Vous accusez ensuite les psychanalystes d'avoir érigé leur théorie en dogme et vous vous désolez de ce que la psychanalyse perdure, comme si c'était une théorie unitaire, un dogme monolithique resté inchangé depuis Freud. L'argument est encore une fois plus qu'éculé. Si toutefois vous aviez pris la peine de fouiller quelque peu les publications psychanalytiques, vous auriez constaté que la psychanalyse n'est pas «une» théorie, mais un champ de recherches et de pratiques où plusieurs théories naissent, vivent un temps, s'affrontent, sont contestées et remplacées comme dans tout autre champ du savoir. Vous auriez vu que le débat est même plutôt vif. Mais là encore, vous ne démontrez que votre profonde méconnaissance du champ théorique en question.

2. Sur l'épistémologie. Vous vous référez, comme on fait souvent, à Karl Popper pour invalider la psychanalyse. Il est vrai que Karl Popper - qui, au fait, ne connaissait la psychanalyse que par ouï-dire - a dit un jour que celle-ci ne lui apparaissait pas comme une science, faute d'énoncés falsifiables. Popper se basait alors, comme vous, sur l'image caricaturale du psychanalyste ayant toujours raison puisque pouvant attribuer toute objection à une «résistance». C'est le «pile je gagne, face tu perds» que Freud, en 1937, a discuté dans un texte célèbre (Constructions dans l'analyse). Il serait aisé, si l'espace le permettait, de vous énumérer des énoncés fondamentaux et parfaitement falsifiables de la psychanalyse. Mais c'est Popper, et non Freud, qui doit se retourner dans sa tombe quand vous affirmez - c'est votre thèse principale - qu'il faut «fonder l'intervention sur des données empiriques dont la valeur scientifique est éprouvée». Ces propos montrent votre connaissance approximative de Popper également.Voyez plutôt, en fait d'empirisme et de preuves, ce que celui-ci écrit (The Myth of the Framework, traduction libre):

«Je me suis toujours battu pour le droit d'opérer librement avec des théories spéculatives, contre l'étroitesse des théories "scientistes" et, spécialement, contre toute forme d'empirisme sensualiste» (p. 75).
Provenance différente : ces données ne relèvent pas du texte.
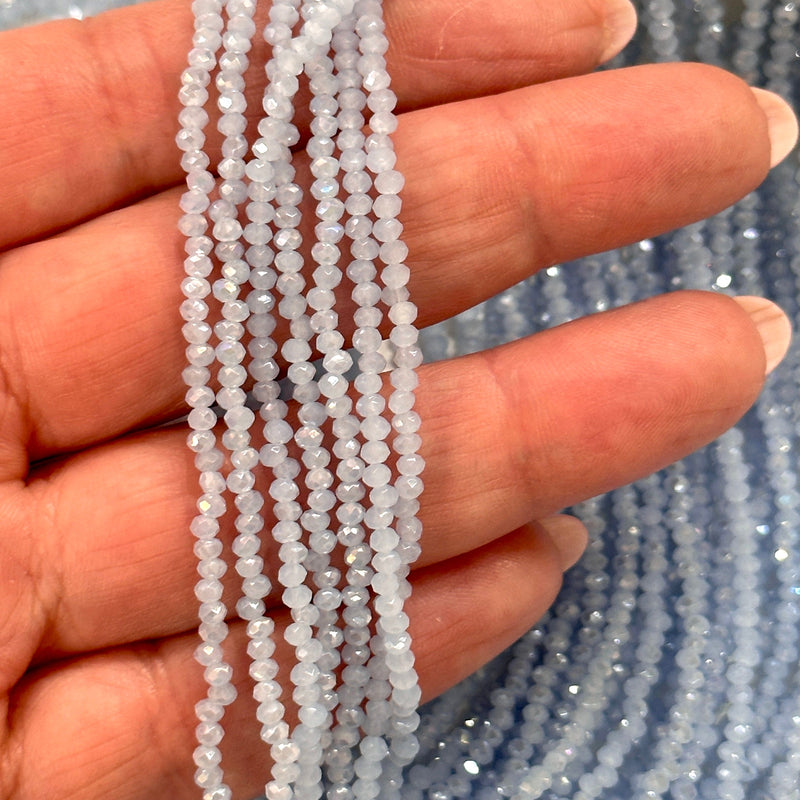 1mm Crystal rondelle beads strand 170 pcs, PBC1C40
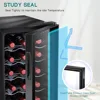 18 Bottle Compressor Wine Cooler Refrigerator,Small Freestanding Wine Fridge,40-66F Digital Temperature Control Glass Door 5
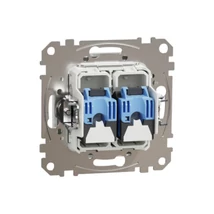 Schneider Sedna Design 2xRJ45 Cat6A UTP aljzat fehér SDD111462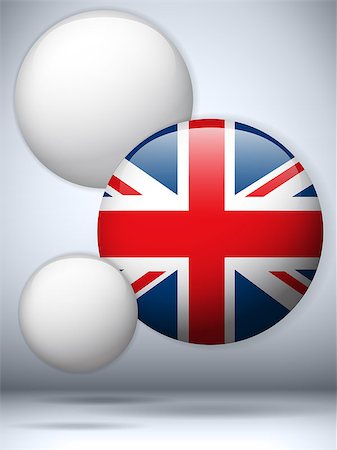 simsearch:400-06365575,k - Vector - United Kingdom Flag Glossy Button Fotografie stock - Microstock e Abbonamento, Codice: 400-07032508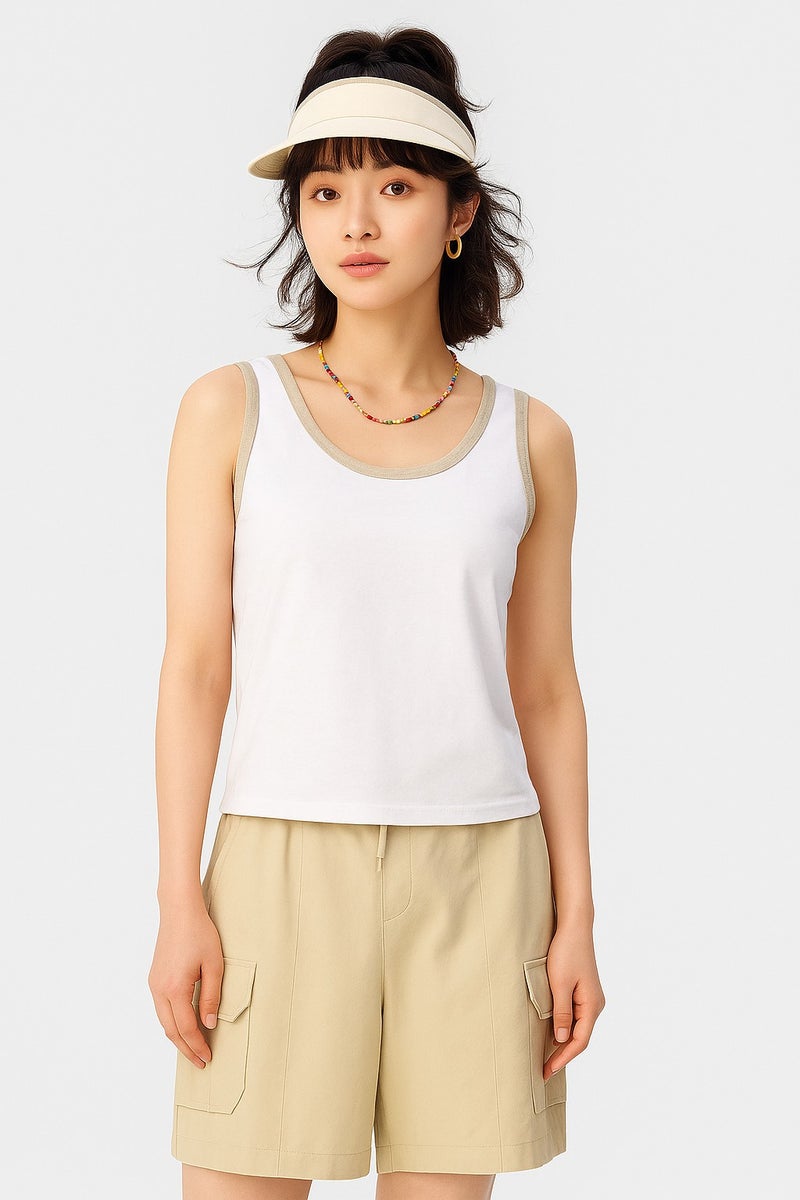 انتا سترة رياضية كلاسيكية بيضاء - Image 1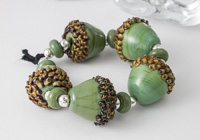 Acorn Lampwork Beads alternative view 1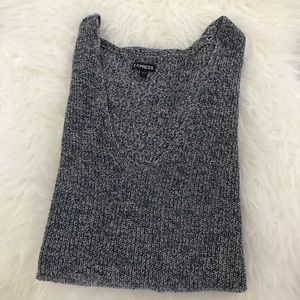 Express Blue and gray Marled London Sweater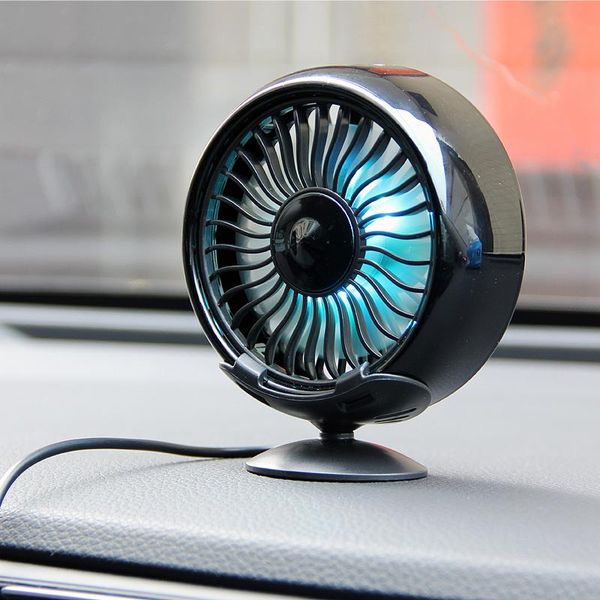 

brelong 1 pc multi-function car colorful lights decorative fan night light car atmosphere lights black / silver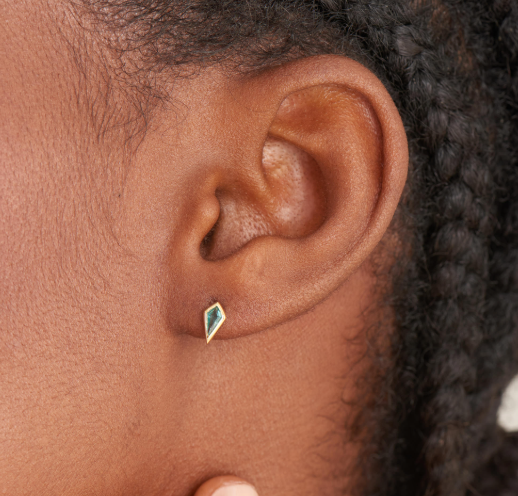Dance 'Til Dawn - Sparkle Emblem Barbell Single Studs - 3 colours
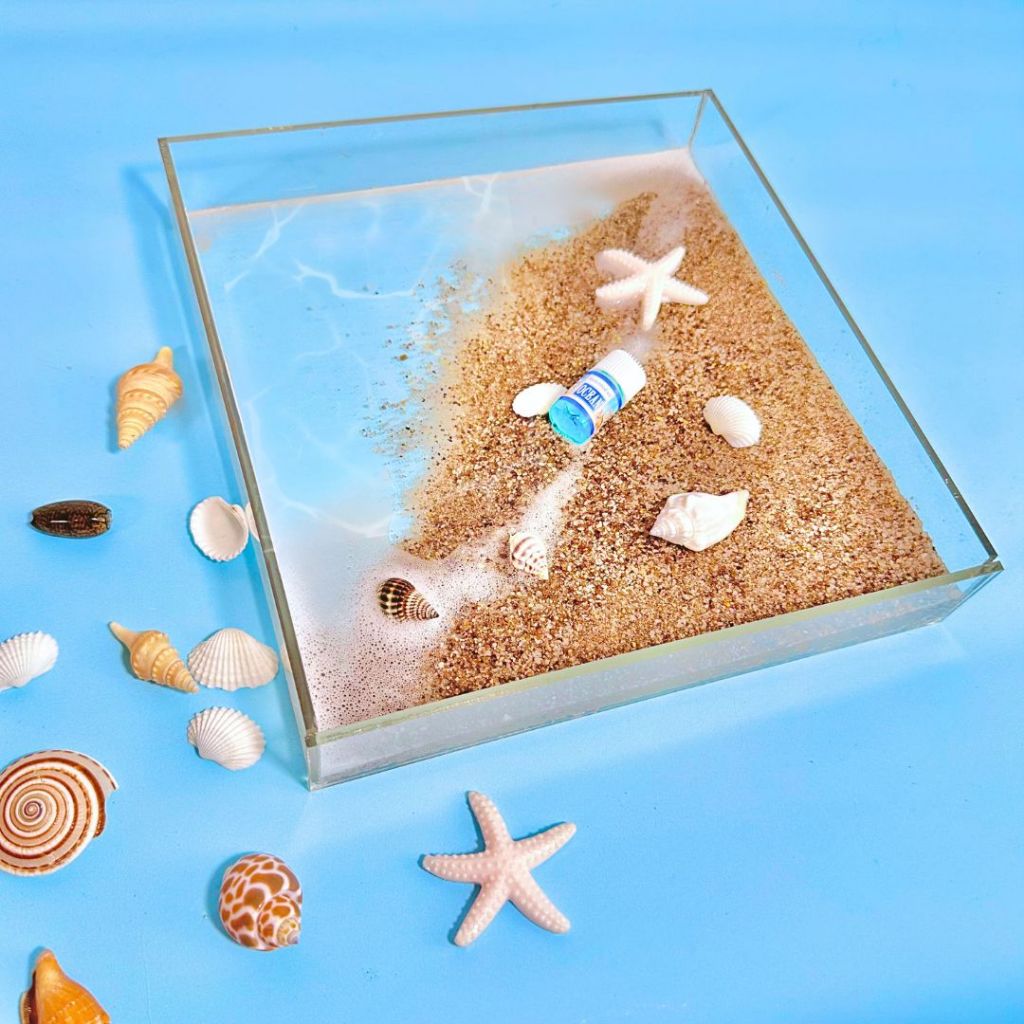 IMPODIO Water Tray Table 20x20 cm - Photography Props Foto Air produk GARANSI PECAH/ RUSAK DI KURIR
«Ce que nous appelons vaguement l'objectivité de la science et la rationalité de la science sont simplement des aspects de la discussion critique des théories scientifiques. [...] Il est important de noter ce que la critique scientifique n'essaie pas de montrer. Elle n'essaie pas de montrer que la théorie en question n'a pas été prouvée ou démontrée. De même, elle n'essaie pas de montrer que la théorie n'a pas été établie ou justifiée - car aucune théorie ne peut être établie ou justifiée. Incidemment, elle n'essaie pas de montrer que la théorie en question est hautement probable (au sens du calcul des probabilités) - car aucune théorie n'est hautement probable. [...] Par conséquent, les scientifiques, dans leurs discussions critiques, n'attaquent pas les arguments qui pourraient servir à établir ou même à soutenir la théorie examinée. Ils attaquent la théorie elle-même, en tant que solution aux problèmes qu'elle essaie de résoudre. Ils examinent et discutent ses conséquences, son pouvoir explicatif, sa consistance et sa compatibilité avec d'autres théories» (p. 159).

Voilà, cher collègue, de quoi méditer avant de crier à la fraude et d'exiger, rien de moins, qu'on cesse d'enseigner la théorie psychanalytique à l'Université.

Vous vous référez beaucoup à l'éthique. Pourquoi ne pas commencer par le respect des règles élémentaires de la critique scientifique, et en particulier par une connaissance réelle de ce que vous prétendez critiquer?

Dominique Scarfone, m.d.,
professeur agrégé,
Département de psychologie


Les professeurs Marc-André Bouchard, Francine Cyr et Hélène David, tous trois du Département de psychologie, signent également cette lettre ouverte.